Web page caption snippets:
********
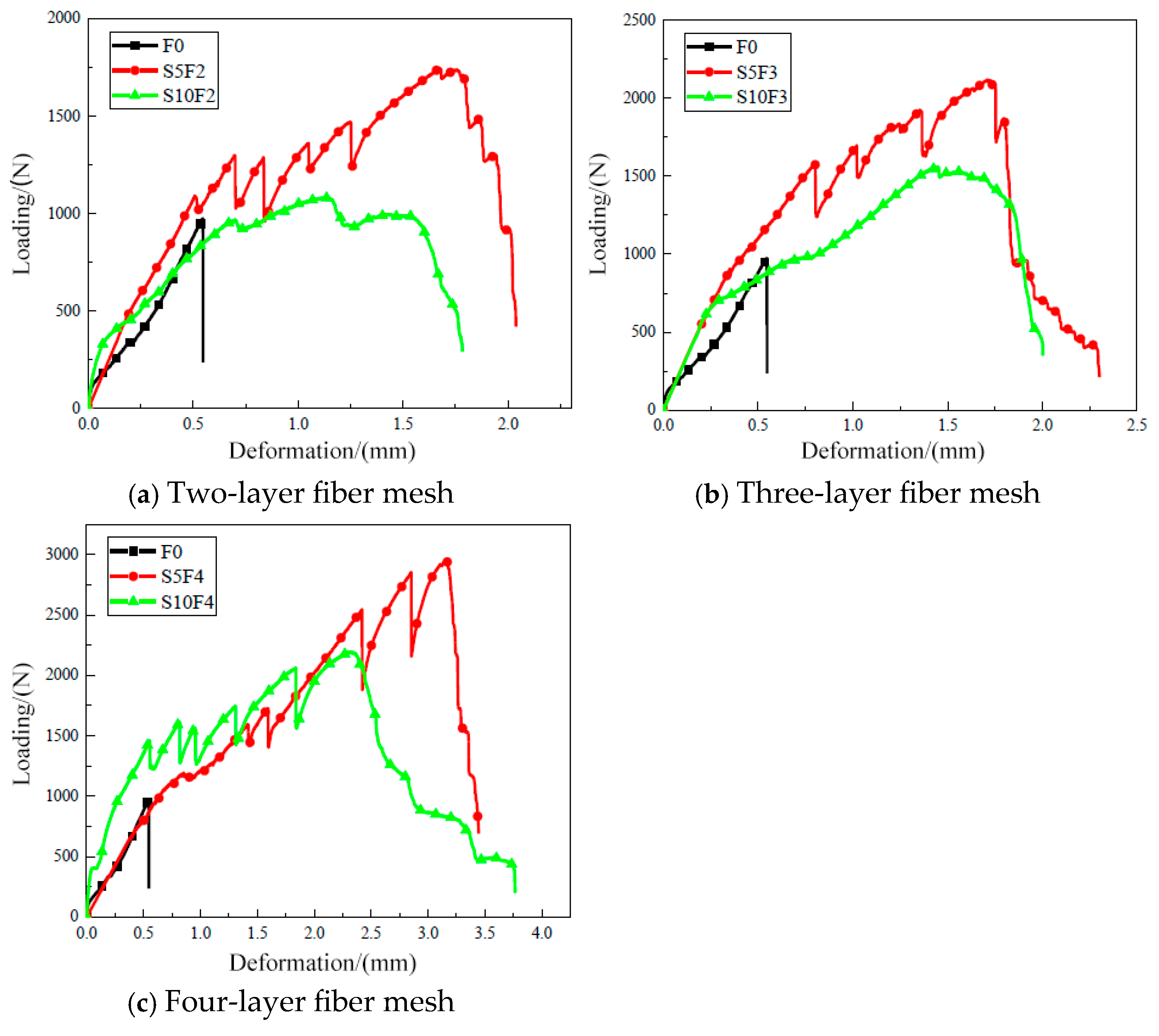 Buildings 15 01540 g014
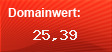 Domainbewertung - Domain nrw.de bei Domainwert24.net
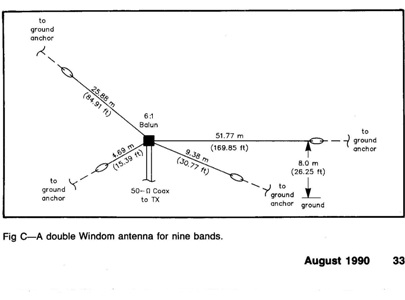 1/6 Balunlu Multi Band Antenler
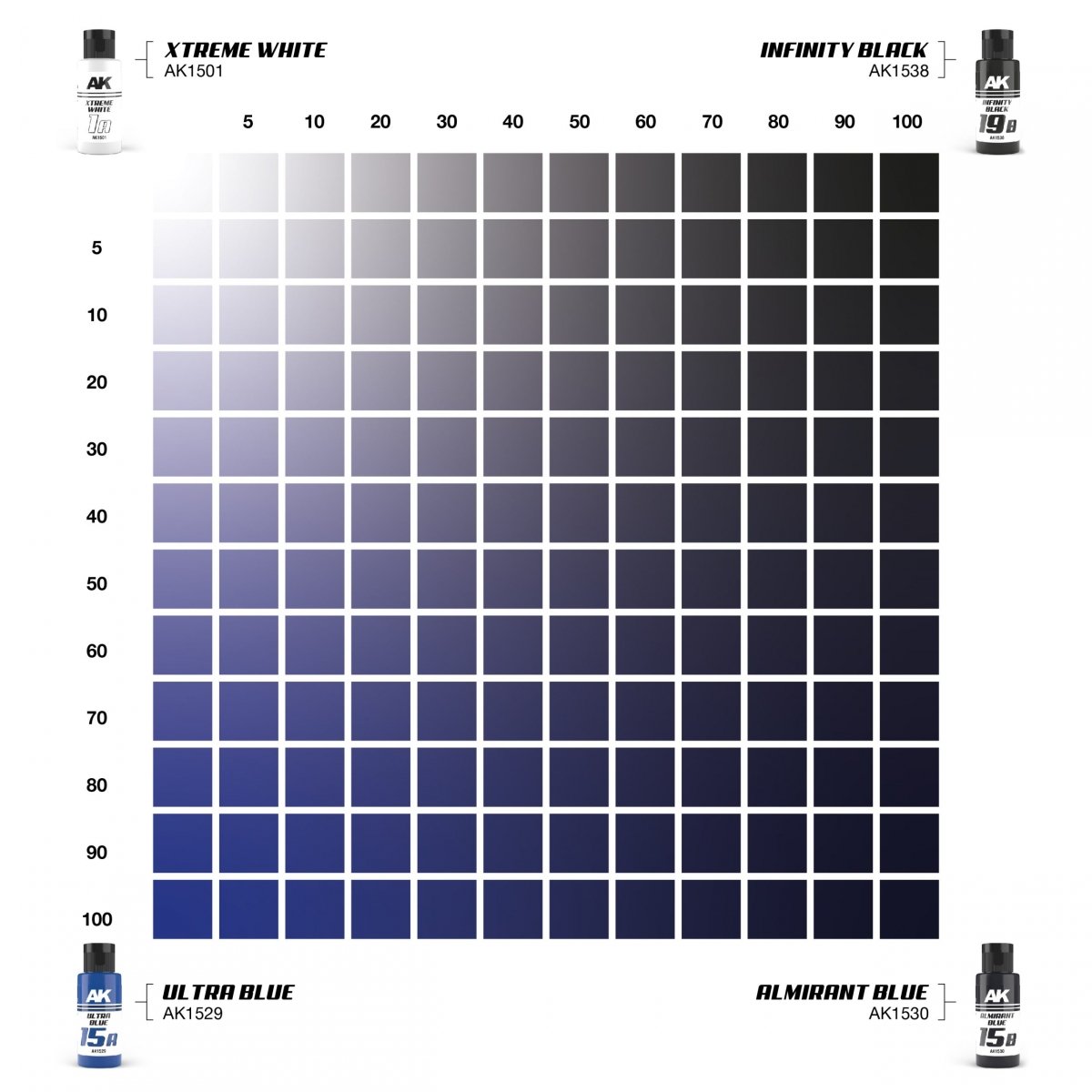 AK Interactive AK1559 DUAL EXO SET 15 – 15A ULTRA BLUE &amp;amp; 15B ALMIRANT BLUE – zdjęcie 4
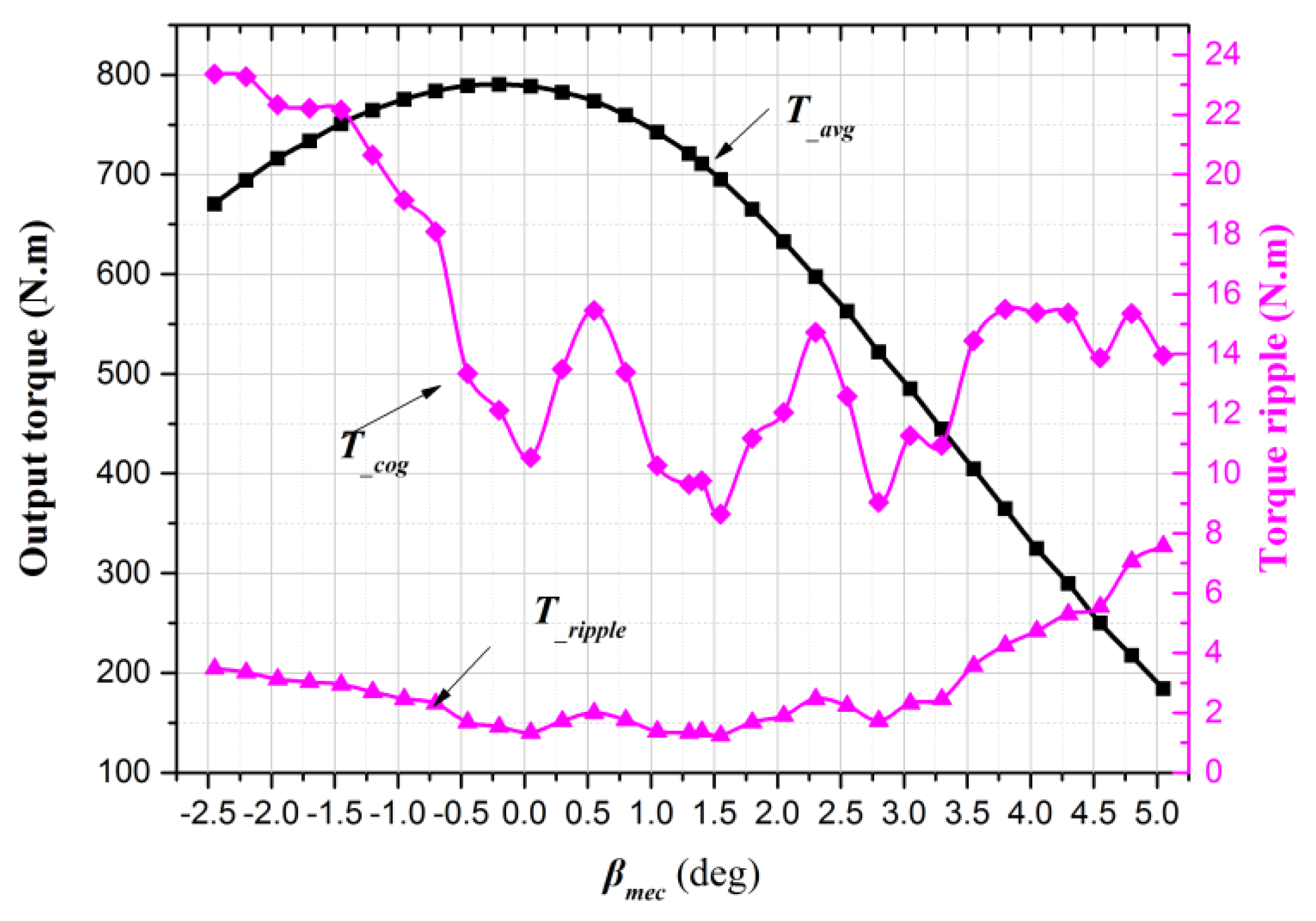 Applsci 07 00356 g007 550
********
◆ Task instructions ◆
Every entry above is to be set down exactly; the pictures are to be left out.

◆ Response area ◆
 Buildings 15 01540 g014
 Domainbewertung - Domain nrw.de bei Domainwert24.net
 1/6 Balunlu Multi Band Antenler
 AK Interactive AK1559 DUAL EXO SET 15 – 15A ULTRA BLUE &amp;amp; 15B ALMIRANT BLUE – zdjęcie 4
 Applsci 07 00356 g007 550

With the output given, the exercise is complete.